With 18 months psychic development, did I become more psychic? Possibly, though it was hard to say. I think I certainly became more grounded, grounded in a new understanding: that everybody already has a spiritual connection, a Quality Aura, a connection to God/Goddess/All that is. My job as a therapist or healer is not to try and create something that isn’t there already. My job is fundamentally to honor that which is already there (their spiritual connection). And with the honoring, that somehow seems to help their personal connection with that part become stronger, and as it does so, that part itself delivers all the healing that is required. This, for me, was a new way of approaching healing work.
I wondered if this way of thinking was unique to Manuel and Mahayana Buddhists, but some years later I read the words of Rollin Becker, that great master of the Sutherland tradition from which so many UK osteopaths drew and continue to draw, great inspiration. I wondered if Dr. Becker was perhaps talking about something similar when he said: “Patients come to us for the reason that their health pattern has gotten clouded over a little bit and it’s raining on them, but that doesn’t change the fact that above the cloud, there’s a sun still shining and health is still available…..our position as a physician is secondary. It is our responsibility as the secondary physician to work with the primary physician [the health pattern, the sunshine]….to bring this health pattern to the surface.” and “The bioenergy field of health is a palpable sensation; it is possible to literally feel the bioenergy of health at work within our patients. It is a quiet rhythmic interchange between the patient’s body and the rest of his biosphere…There is a bioenergy field of wellness for each individual…When the physician can sense that the patient and his biosphere are interchanging harmoniously, he can discharge that patient with the assurance that he is healthy again.”
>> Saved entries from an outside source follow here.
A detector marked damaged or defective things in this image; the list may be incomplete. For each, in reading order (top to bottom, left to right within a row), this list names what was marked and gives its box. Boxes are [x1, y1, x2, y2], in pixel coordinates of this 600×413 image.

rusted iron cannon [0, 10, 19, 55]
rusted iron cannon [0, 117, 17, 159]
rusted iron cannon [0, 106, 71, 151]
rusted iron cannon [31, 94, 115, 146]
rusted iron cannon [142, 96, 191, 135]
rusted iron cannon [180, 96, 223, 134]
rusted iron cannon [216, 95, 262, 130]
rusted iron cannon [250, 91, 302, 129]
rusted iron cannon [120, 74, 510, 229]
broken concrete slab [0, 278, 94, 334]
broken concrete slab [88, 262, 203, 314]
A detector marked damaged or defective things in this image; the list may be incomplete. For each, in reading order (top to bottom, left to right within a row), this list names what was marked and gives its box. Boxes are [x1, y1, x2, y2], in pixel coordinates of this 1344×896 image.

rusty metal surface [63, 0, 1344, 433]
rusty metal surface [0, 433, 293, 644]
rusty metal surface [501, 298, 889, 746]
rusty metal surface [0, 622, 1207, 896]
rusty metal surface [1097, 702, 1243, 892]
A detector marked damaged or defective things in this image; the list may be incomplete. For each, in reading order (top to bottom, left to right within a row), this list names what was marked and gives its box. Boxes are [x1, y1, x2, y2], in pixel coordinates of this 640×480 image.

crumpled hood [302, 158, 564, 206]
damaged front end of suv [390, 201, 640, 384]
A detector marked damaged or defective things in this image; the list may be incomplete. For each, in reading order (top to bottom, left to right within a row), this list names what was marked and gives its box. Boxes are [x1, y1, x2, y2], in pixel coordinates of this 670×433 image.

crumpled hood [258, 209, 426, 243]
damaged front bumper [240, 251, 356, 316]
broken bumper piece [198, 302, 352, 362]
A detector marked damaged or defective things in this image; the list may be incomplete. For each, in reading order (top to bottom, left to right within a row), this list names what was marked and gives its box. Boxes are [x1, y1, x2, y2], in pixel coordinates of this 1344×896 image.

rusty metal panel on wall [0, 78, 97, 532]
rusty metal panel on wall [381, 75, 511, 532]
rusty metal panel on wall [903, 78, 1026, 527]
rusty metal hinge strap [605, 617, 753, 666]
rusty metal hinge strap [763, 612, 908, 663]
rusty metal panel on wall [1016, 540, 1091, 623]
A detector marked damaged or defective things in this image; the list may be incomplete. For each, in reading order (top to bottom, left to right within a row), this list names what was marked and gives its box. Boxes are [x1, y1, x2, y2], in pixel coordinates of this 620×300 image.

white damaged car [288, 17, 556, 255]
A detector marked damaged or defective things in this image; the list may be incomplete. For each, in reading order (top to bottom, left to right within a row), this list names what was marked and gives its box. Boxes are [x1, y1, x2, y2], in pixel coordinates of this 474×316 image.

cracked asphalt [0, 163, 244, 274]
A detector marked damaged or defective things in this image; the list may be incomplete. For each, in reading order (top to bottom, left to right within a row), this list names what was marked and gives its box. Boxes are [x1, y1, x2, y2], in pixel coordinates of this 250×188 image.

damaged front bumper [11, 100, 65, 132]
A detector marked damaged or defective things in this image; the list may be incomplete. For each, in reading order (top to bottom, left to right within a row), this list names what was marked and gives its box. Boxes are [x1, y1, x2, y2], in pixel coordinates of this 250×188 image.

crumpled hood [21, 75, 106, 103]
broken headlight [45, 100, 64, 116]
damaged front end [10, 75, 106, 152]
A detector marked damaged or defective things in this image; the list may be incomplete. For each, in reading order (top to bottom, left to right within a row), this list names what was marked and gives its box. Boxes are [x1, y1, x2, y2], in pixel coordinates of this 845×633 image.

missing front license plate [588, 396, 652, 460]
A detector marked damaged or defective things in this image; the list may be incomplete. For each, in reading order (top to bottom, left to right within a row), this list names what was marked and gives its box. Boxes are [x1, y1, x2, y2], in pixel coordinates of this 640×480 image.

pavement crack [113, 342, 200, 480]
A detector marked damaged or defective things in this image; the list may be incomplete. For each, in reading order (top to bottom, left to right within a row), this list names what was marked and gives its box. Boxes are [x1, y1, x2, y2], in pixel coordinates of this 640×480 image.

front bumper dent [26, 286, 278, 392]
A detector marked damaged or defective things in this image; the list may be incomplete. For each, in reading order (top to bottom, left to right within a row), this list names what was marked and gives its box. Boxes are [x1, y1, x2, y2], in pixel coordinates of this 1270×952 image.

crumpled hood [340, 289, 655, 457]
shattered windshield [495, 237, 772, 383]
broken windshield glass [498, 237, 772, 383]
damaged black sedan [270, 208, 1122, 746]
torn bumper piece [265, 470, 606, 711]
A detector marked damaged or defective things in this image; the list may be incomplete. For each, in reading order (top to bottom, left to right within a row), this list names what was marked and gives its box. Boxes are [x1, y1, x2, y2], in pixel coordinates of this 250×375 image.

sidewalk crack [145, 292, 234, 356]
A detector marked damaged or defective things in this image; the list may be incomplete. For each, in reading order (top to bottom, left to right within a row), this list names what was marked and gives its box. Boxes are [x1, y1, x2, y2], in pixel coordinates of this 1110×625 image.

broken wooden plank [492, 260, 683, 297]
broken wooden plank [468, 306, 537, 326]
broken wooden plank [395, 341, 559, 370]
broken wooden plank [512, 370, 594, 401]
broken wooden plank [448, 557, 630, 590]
The Osteopathic tradition is indeed an amazing thing. A.T. Still described the human body as “God’s medicine chest”, but surely his tradition reveals to us also that it is in fact even more than that; it is a treasure chest of spiritual teachings as well.
I believe it was a Tuesday morning in the autumn of 1993 that I found myself walking across the green grass of Cavendish Square, London W1, just around the corner from Oxford Circus. I was heading for the Osteopathic Centre for Children, which at that time was located in the Square, and I was a little nervous.
Carolyne’s tender ministrations had unlocked a doorway within me, and I had stepped through it with gusto. I gave up teaching at the BCNO and immersed myself as much as I could in the study of Sutherland tradition. I first attended a 5 day postgraduate course in cranial work at my old college, the British School of Osteopathy. That was OK, but a bit bewildering. By day 5 we were already doing intra-oral work for the maxillae, and I still hadn’t felt this “cranial rhythm” that they were all talking about. It all seemed too much to take in, in 5 days, so I investigated the College of Craniosacral Therapy. This course seemed to be presenting similar material, but in bite-sized chunks over a whole 2 year period, rather than trying to cram it all into a week, so I enrolled, and was not disappointed. The only problem with the course was that at that time it didn’t offer any clinical work as part of the training (although some years later it was to become the first UK craniosacral college so to do). As I entered the second year of the training, however, another osteopath who was also doing the CCST course told me about a great training establishment she’d just discovered called the “Osteopathic Centre for Children” (O.C.C.). “It’s great!” she said, “You have to work quite hard, for no money, but you get on-the-job training from excellent practitioners. It’s like a sort of apprenticeship.” I felt some trepidation; I still couldn’t feel the cranial rhythm, and hadn’t really any experience of treating children. But as I had pondered the possibility, for the life of me I really couldn’t think of any excuse not to go along to the OCC and see’f they’d have me. Free training by top level cranial osteopaths? How could I ignore that. “Oh, and one other thing…” my colleague had continued, “probably best not to mention you’re doing the CCST course; some of them can be a bit funny about craniosacral therapy.”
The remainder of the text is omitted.